Monday, October 18, 2010

A "date" with John - at Fall for Dance!


Do you ever invite people you like to go out with you, in the evening? Even though you aren't sure if such an outing is technically a date or not? I do! It's fun! Knowing whether or not you're on a date is overrated, in my book.


Case in point: I took my new friend John to see "Fall for Dance" at the City Center, the annual, instantly-sold-out event that's been charming dance-loving New Yorkers for seven years now. I told my therapist earlier that day that, although I did not know whether it was a date or not, I would definitely know by the end of the night. That turned out to be true, and I knew sooner than I had anticipated. When I greeted John outside the City Center, he took me by the shoulders and immediately gave me a kiss - pointedly - on the cheek. "This is not a date," I immediately realized. Oh. The formality of his peck was not the only clue I had received, of course, over the last few weeks of our acquaintance, but being clueless about nonverbal communication is one of my many charms. We settled into our seats.

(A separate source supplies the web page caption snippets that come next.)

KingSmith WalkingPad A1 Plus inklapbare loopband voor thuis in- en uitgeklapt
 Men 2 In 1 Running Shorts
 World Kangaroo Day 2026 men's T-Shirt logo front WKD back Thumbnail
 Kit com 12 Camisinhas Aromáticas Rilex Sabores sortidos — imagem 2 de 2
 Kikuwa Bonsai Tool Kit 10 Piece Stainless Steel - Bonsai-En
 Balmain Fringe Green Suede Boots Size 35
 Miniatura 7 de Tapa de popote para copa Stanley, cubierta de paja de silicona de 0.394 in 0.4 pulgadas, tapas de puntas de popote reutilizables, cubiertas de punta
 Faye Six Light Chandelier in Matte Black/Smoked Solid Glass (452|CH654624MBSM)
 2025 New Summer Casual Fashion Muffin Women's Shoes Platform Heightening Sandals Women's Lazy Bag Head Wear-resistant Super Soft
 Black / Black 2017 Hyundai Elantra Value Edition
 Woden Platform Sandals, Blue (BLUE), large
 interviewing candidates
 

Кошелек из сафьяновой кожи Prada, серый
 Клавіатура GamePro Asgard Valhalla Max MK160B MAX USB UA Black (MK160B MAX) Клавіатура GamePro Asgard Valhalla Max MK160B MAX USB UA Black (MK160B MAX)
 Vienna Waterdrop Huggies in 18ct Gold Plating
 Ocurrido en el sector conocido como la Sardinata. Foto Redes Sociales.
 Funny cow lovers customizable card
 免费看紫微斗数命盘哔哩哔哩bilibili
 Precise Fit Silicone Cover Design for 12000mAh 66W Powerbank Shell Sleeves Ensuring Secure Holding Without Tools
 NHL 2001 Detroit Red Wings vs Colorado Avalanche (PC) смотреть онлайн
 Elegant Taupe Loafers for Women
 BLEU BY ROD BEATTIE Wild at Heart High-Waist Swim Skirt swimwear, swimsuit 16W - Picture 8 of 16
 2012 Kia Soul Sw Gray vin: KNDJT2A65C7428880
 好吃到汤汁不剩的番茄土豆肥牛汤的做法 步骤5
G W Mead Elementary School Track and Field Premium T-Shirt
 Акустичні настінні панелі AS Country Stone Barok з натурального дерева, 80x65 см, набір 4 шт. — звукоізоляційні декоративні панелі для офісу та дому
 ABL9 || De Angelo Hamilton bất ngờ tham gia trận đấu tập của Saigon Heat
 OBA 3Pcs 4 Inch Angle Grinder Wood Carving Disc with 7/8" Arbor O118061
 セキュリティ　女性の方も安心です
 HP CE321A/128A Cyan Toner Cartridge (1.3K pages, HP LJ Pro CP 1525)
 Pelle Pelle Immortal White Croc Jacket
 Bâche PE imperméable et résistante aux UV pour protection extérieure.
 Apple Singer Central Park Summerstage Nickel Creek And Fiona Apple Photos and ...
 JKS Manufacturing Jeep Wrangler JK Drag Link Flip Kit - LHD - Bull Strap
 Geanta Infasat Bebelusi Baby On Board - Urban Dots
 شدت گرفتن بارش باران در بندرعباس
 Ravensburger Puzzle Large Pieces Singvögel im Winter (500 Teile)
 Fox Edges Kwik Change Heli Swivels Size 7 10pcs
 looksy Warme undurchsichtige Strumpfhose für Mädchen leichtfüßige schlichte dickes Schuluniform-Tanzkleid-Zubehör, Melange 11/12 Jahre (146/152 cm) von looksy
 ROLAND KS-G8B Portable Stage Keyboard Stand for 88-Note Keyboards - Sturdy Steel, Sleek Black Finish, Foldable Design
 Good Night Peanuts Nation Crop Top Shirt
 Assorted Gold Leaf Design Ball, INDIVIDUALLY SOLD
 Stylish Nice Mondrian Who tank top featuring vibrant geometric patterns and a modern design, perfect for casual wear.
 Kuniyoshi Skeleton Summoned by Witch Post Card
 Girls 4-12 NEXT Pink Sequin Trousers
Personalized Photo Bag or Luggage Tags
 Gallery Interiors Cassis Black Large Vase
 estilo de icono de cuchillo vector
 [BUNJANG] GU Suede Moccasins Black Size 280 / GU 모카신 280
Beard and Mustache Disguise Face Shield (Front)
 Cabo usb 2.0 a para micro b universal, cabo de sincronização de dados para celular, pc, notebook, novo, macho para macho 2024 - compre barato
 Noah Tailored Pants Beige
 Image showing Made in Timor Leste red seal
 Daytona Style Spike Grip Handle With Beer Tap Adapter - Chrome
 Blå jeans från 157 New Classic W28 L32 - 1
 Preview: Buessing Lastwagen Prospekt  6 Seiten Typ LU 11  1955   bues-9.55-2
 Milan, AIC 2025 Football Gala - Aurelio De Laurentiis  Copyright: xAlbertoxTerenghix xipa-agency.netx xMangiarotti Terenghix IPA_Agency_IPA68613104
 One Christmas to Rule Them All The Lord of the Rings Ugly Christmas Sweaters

All throughout the performance, I got to work through - silently - my issues with space. As many people know, I have a strangely large "personal bubble," and don't really like casual touching as a rule. But the seats in the City Center were very close together, and John, as though trying to at least give me something for the tickets, engaged in some prolonged leaning-in and heavy rubbing of his shoulder against mine - practically frottage. Each time we touched, I held my breath and giggled on the inside. Hee hee!


One of the dancers from the Dresden Ballet had on a lime-green tutu with what looked like a small circular table attached, keeping her partner at arms length. "How I yearn to wear an outfit like that," I whispered dramatically to John. But not right at that second, of course. I wouldn't have wanted that outfit right then. For a middle-aged man at a dance performance in Manhattan's midtown, with the first tinge of fall in the air, sometimes a little rubbing is as good as it's going to get, and you sort of don't want anything to get in the way. Or, at least, so I've heard it said.